Financial Sector Under Pressure
Wealth management firms hold particularly sensitive data — not just personal identifiers but financial account details, investment portfolios, and net worth information. The Hightower breach adds to a growing list of financial sector incidents that highlight the need for:
- Stronger data segmentation and encryption at rest
- Enhanced monitoring of data exfiltration attempts
- Incident response plans that account for regulatory notification requirements (SEC, state AGs)
If You're Affected: Monitor your credit reports across all three bureaus. Consider placing a credit freeze — especially if notified that your SSN was compromised. Watch for phishing attempts that reference Hightower or wealth management services, as threat actors often use stolen data to craft targeted social engineering.
📊 Threat Landscape Summary
| Threat | Category | Severity | Target |
|---|---|---|---|
| Smart Slider 3 CVE-2026-3098 | Web Application / Plugin | Medium-High | 500K+ WordPress sites |
| Coruna iOS Exploit Kit | Nation-State / Espionage | Critical | High-value iOS users |
| OpenAI Abuse Bug Bounty | AI Safety / Industry | Informational | AI ecosystem |
| TP-Link Router Vulnerabilities | Network Infrastructure | High | Consumer / SMB networks |
| Hightower Holding Breach | Data Breach | High | 130,000 individuals |
🔑 Key Takeaways
- WordPress plugin supply chain risk persists. Smart Slider 3's arbitrary file read shows that even "medium severity" vulnerabilities can lead to complete site takeover when they expose wp-config.php. Patch immediately and rotate secrets.

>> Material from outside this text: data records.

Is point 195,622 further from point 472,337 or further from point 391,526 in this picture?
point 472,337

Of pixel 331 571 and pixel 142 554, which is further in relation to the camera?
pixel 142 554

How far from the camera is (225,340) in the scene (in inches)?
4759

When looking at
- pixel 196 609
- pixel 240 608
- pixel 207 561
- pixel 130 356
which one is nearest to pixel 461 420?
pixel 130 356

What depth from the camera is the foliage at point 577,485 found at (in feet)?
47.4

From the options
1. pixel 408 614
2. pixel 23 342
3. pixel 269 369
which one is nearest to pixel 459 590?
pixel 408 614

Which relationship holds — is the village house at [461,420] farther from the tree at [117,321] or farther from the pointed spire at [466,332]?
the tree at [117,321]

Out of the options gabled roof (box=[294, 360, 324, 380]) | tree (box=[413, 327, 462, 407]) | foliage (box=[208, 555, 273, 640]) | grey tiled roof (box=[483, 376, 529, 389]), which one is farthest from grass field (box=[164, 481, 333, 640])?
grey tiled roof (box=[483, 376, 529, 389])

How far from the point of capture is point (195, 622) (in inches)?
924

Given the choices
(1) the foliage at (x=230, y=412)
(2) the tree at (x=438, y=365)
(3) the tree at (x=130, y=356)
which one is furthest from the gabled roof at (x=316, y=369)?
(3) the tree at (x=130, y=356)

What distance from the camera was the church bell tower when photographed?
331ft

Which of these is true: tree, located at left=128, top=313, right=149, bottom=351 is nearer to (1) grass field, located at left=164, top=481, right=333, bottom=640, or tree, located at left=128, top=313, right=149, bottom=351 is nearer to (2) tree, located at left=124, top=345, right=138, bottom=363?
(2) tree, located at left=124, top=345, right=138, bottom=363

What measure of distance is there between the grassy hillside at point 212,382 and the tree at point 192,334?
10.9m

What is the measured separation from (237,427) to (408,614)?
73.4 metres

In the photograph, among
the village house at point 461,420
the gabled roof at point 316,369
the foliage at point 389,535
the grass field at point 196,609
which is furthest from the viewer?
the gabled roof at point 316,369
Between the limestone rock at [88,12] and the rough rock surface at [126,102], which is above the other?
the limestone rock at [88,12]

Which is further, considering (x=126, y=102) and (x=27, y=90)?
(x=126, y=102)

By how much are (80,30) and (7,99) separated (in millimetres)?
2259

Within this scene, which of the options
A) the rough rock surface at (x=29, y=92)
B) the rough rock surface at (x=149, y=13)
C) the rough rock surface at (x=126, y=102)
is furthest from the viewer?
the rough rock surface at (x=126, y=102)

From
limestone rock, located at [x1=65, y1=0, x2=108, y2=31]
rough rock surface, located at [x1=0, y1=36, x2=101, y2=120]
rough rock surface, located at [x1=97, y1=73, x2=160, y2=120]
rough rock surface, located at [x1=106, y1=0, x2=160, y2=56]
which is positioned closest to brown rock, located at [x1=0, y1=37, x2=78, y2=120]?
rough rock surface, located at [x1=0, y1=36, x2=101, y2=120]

- State-sponsored exploit programs don't die — they evolve. Coruna's connection to Operation Triangulation demonstrates that patching a zero-day doesn't eliminate the underlying research program. Assume adversaries have the next variant ready.

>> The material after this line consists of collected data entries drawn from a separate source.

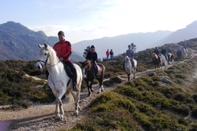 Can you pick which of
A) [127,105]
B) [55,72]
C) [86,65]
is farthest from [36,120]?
[127,105]

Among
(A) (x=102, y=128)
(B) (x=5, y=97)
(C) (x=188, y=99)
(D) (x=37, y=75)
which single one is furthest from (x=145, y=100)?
(D) (x=37, y=75)

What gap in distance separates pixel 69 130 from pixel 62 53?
3.27 meters

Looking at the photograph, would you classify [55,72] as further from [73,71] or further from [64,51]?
[64,51]

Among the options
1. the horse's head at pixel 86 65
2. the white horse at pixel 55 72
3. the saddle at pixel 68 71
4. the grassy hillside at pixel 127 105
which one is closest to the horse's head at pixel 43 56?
the white horse at pixel 55 72

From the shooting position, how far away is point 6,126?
29.3ft

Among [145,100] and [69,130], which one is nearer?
[69,130]

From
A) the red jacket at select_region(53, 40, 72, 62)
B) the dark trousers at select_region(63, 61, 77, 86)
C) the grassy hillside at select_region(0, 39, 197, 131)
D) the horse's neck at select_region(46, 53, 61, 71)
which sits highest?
the red jacket at select_region(53, 40, 72, 62)

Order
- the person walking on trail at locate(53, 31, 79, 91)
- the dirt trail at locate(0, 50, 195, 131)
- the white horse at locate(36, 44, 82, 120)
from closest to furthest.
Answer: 1. the white horse at locate(36, 44, 82, 120)
2. the dirt trail at locate(0, 50, 195, 131)
3. the person walking on trail at locate(53, 31, 79, 91)

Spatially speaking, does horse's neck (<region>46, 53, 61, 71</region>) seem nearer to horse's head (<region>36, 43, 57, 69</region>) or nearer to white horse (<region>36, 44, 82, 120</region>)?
white horse (<region>36, 44, 82, 120</region>)

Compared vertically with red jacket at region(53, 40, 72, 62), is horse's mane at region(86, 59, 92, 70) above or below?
below

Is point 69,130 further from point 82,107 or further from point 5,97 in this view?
point 5,97

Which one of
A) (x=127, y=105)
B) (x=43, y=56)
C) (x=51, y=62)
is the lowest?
(x=127, y=105)

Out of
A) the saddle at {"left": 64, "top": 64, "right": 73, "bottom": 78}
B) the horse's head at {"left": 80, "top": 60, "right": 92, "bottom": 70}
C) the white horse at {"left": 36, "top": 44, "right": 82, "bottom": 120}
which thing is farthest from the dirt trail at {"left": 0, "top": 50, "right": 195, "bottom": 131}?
the horse's head at {"left": 80, "top": 60, "right": 92, "bottom": 70}

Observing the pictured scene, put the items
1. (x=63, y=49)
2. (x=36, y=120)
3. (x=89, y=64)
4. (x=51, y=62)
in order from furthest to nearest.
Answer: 1. (x=89, y=64)
2. (x=36, y=120)
3. (x=63, y=49)
4. (x=51, y=62) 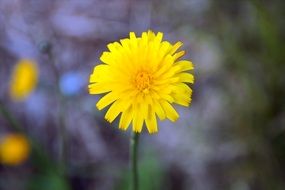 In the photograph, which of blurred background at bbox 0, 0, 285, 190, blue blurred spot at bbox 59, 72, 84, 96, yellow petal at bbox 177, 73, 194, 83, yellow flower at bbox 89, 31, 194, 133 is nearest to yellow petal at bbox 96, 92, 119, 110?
yellow flower at bbox 89, 31, 194, 133

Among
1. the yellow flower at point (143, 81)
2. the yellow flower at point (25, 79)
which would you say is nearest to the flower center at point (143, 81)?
the yellow flower at point (143, 81)

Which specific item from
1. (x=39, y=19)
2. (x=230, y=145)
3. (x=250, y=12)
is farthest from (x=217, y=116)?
(x=39, y=19)

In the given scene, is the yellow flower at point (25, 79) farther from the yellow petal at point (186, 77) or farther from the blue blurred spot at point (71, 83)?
the yellow petal at point (186, 77)

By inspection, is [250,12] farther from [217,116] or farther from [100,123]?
[100,123]

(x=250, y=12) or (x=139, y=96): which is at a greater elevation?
(x=250, y=12)

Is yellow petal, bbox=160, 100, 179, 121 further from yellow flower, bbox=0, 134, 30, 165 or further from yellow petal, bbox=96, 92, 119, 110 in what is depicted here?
yellow flower, bbox=0, 134, 30, 165

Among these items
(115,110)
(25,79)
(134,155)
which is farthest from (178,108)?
(115,110)

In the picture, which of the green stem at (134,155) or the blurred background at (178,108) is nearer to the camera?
the green stem at (134,155) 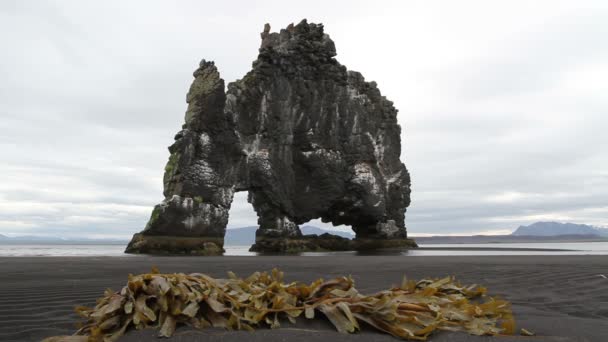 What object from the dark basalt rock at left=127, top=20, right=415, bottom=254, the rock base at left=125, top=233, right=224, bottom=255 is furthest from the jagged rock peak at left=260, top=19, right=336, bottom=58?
the rock base at left=125, top=233, right=224, bottom=255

- AI safety is becoming a security discipline. OpenAI treating abuse vectors as bounty-worthy vulnerabilities is a significant maturation signal. Expect other AI companies to follow with similar programs.
- Router security remains a systemic weakness. TP-Link's patches are welcome, but the real problem is that most consumer routers never get updated. Organizations should enforce firmware update policies for all network edge devices.
- Financial sector breaches carry outsized identity theft risk. When wealth management firms lose SSNs and license numbers, the downstream fraud potential is significant. Credit freezes should be the default response.